Areva s'engage devant le gouvernement à ne pas supprimer de postes en France

Le président du directoire d'Areva, Luc Oursel, s'est engagé mardi auprès du gouvernement à ne pas supprimer de postes en France.

Le président du directoire, Luc Oursel (à gauche), et le ministre de l\'Economie François Baroin (à droite), aux portes du ministère de l\'Economie, à Paris, le 22 novembre 2011.
Le président du directoire, Luc Oursel (à gauche), et le ministre de l'Economie François Baroin (à droite), aux portes du ministère de l'Economie, à Paris, le 22 novembre 2011. (FRED DUFOUR / AFP)

Areva assure qu'il n'y aura "aucune suppression de postes, aucun plan de départ volontaire et aucun impact sur les sites français". Le président du directoire du groupe, Luc Oursel, s'y est engagé auprès du gouvernement mardi 22 novembre.

C'est le ministre de l'Economie François Baroin qui l'a annoncé le jour-même à la presse, à l'issue d'une réunion d'urgence avec le patron du groupe industriel spécialisé dans le nucléaire. L'annonce intervient au lendemain de la révélation par l'AFP d'un projet prévoyant la suppression par le groupe public de 1 000 à 1 200 postes en France.

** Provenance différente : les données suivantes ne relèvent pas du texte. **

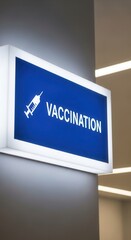 Illuminated Vaccination Sign Depicting Healthcare and Immunization in Clinical Environment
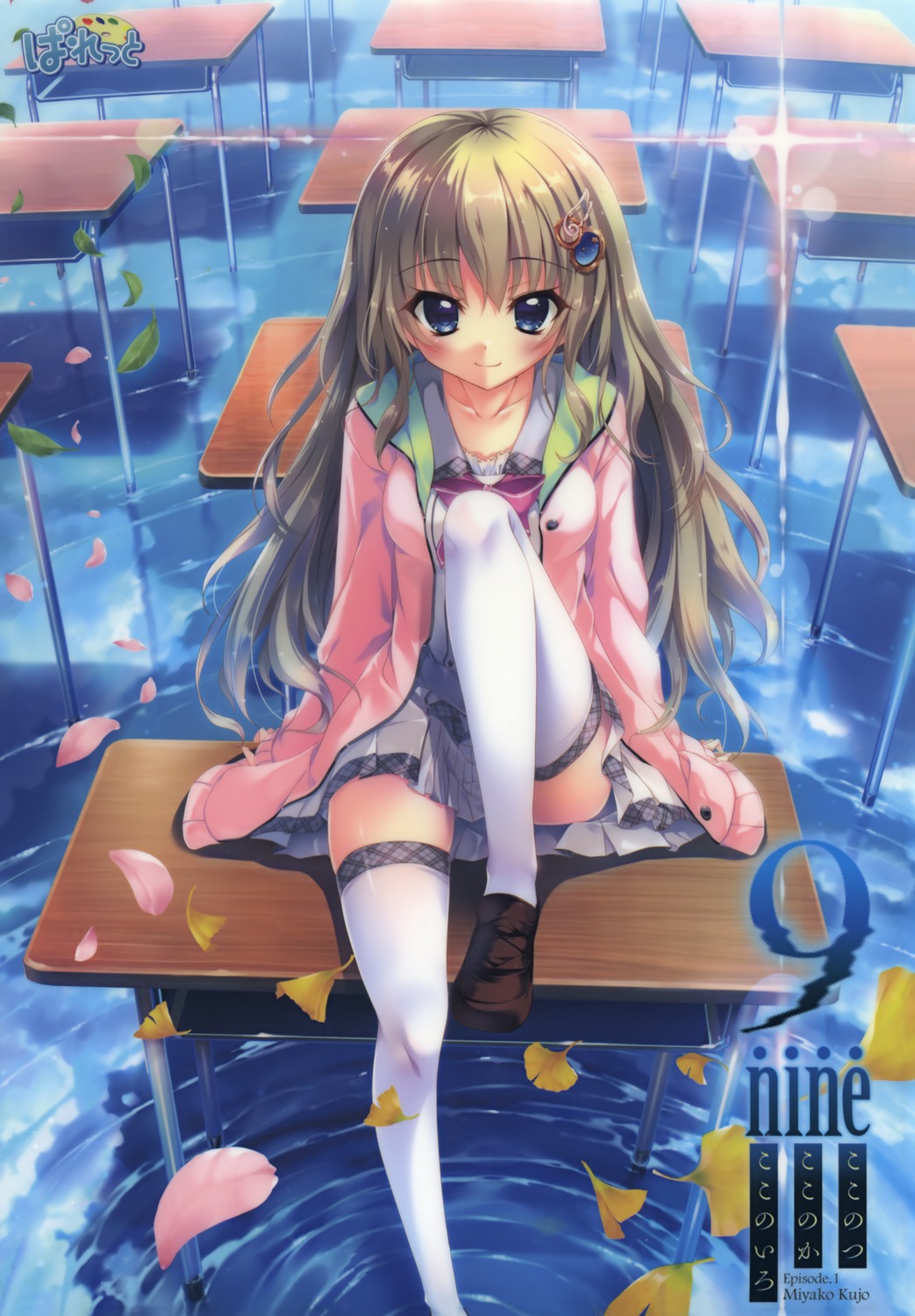 9-nine-, 9-nine-_kokonotsu_kokonoka_kokonoiro, izumi_tsubasu, kujou_miyako, palette, seifuku, sweater, thighhighs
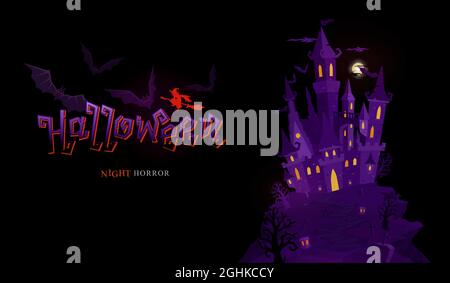 halloween Banner Feier mit Typografie Design und Burg Grafik Kunst und Horror Element Konzept isoliert auf schwarzem Hintergrund Stock Vektor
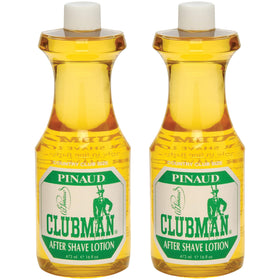 Clubman Pinaud front bottle view showing classic barbershop look and easy dispensing benefit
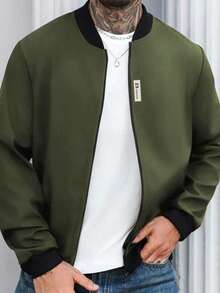 EGENSIO Men's Solid Color Patch Zipper Casual Long Sleeve Jacket - Olive Green - View 2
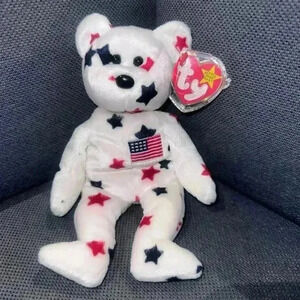Ty Beanie Baby “Glory” Plush Stuffed Animal Red,white,blue/P.E. Pellets, China,
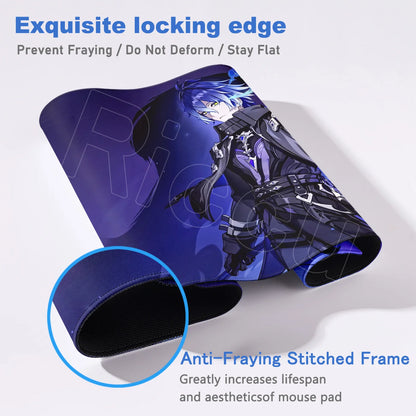 New Cool Wallpaper Genshin Impact Flins Mousepads Computer Gaming Lock Edge Laptop PC Desk Mat Natural Rubber Keyboard Mouse Pad
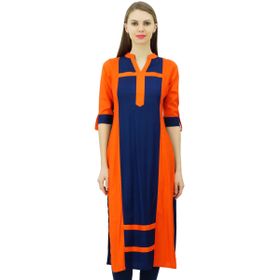 Phagun Suni İpek Düz Panelli Kurta Günlük Yazlık Tunik Turuncu ve Mavi Kadın Bluz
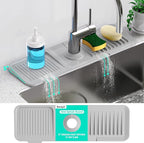 17.7'' Faucet Mat for Kitchen Sink [5°Slope Fast Self-draining] Kitchen Sink Splash Guard Silicone Sink Faucet Mat Splash Guard Kitchen Sink Area Tidy Splash Faucet Guard Draining Mat-Light Gray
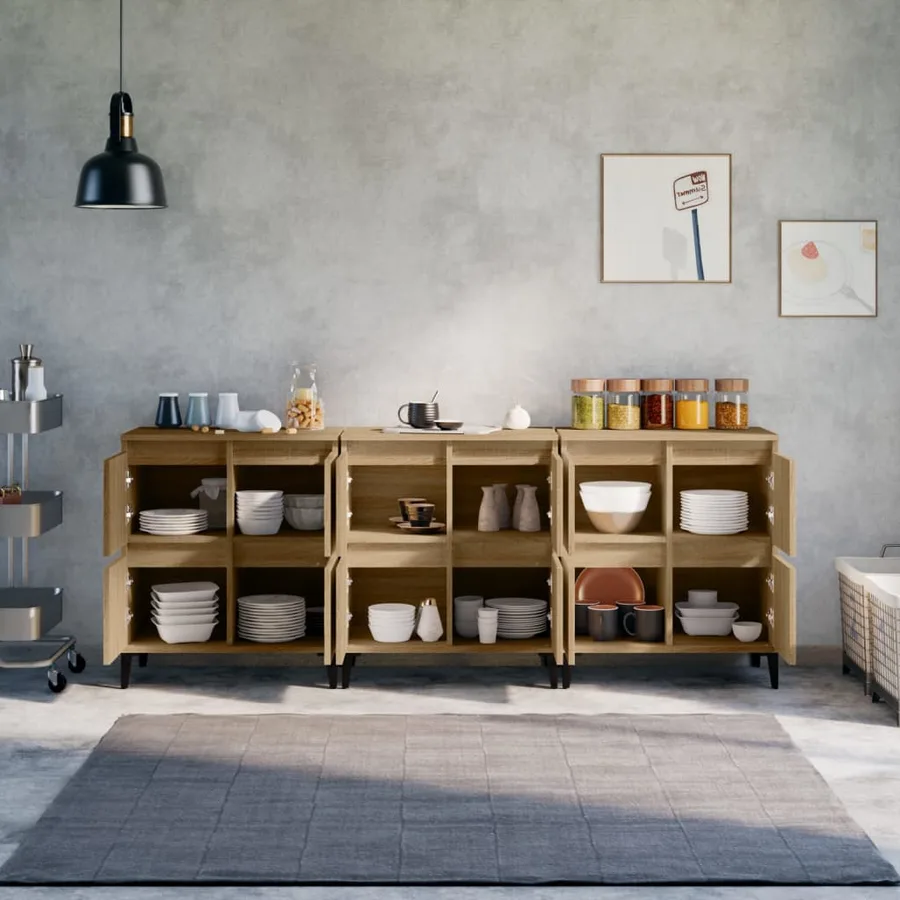 Buffets 3 pcs chêne sonoma 60x35x70 cm bois d'ingénierie - 3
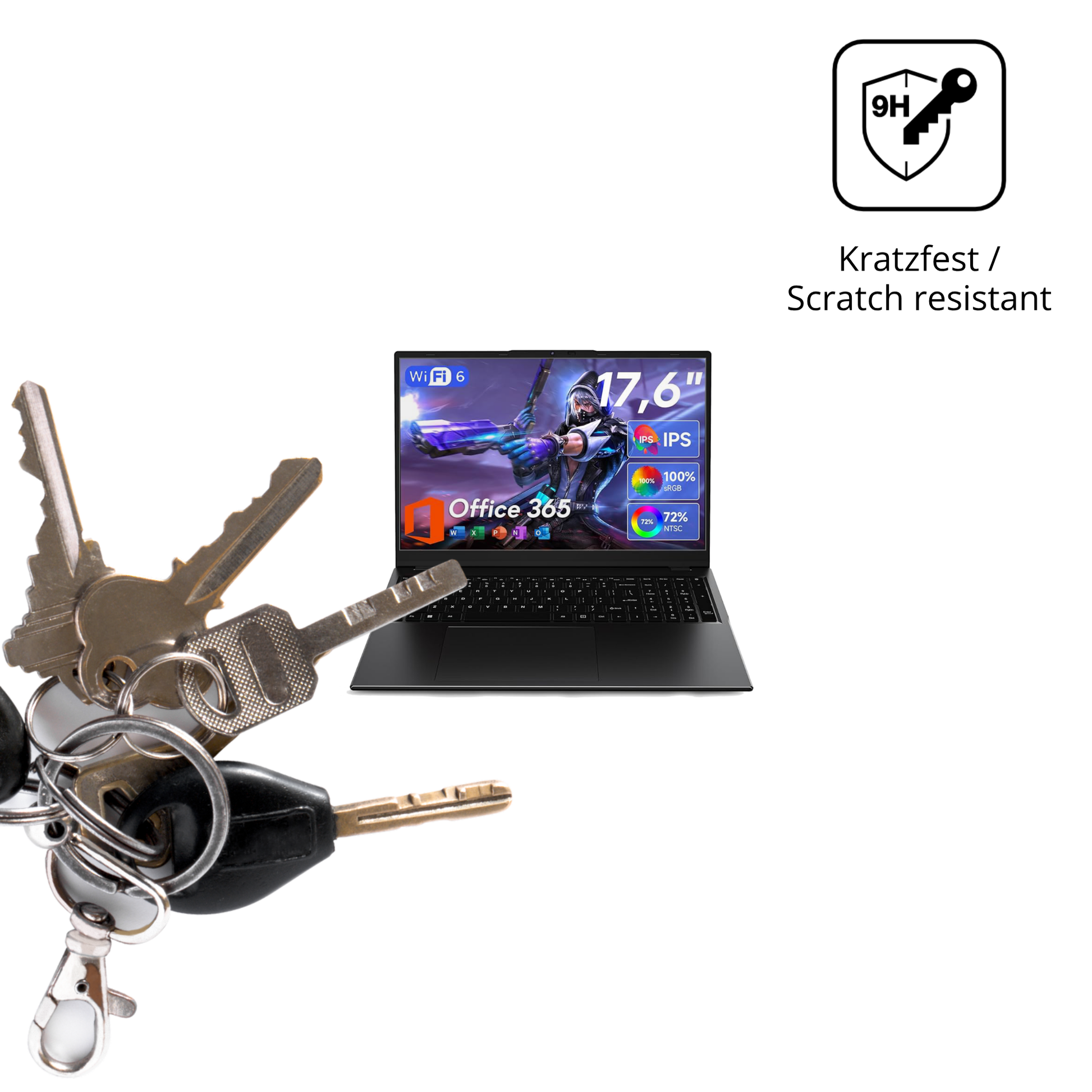 dipos Displayschutz für jumper N95 17.6 Zoll, transparente Oberfläche, perfekte Passform auch für die Rundungen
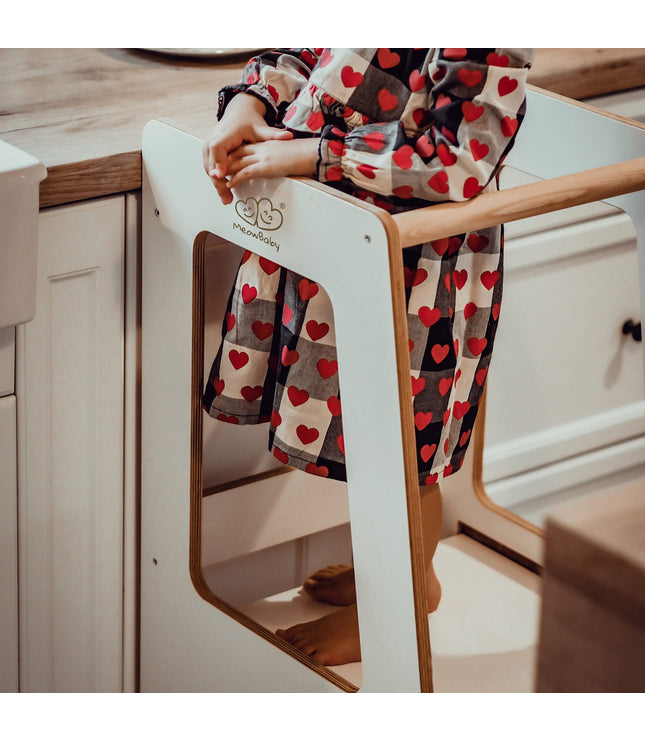 MeowBaby® Plywood Kitchen Helper Scandi - White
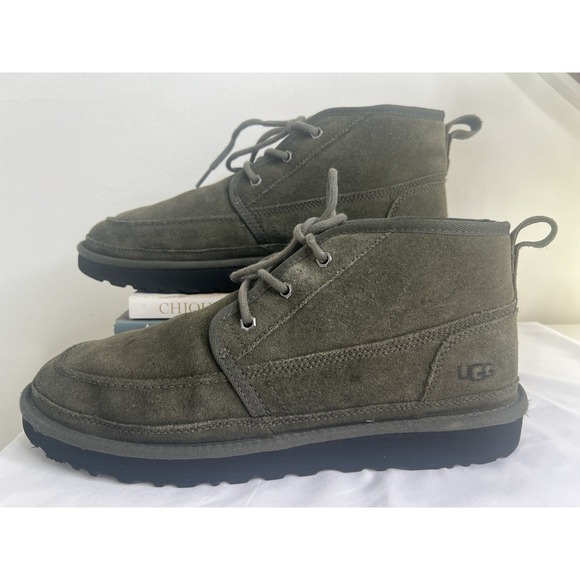 Ugg Neumel Moc Chukka Mens Warm Faux Fur Ankle Lace‎ Up Boots In Olive Green 13 - Picture 2 of 13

Mardi matin, François Baroin avait déjà assuré sur France 2 qu'il n'y aurait pas de suppressions de postes.

FRANCE 2

Après les révélations de lundi et malgré les démentis officiels d'Areva et du gouvernement, Luc Oursel avait été convoqué par le ministre de l'Economie et celui de l'Industrie en charge de l'Energie, Eric Besson, pour présenter le plan stratégique du groupe qui doit être dévoilé en décembre.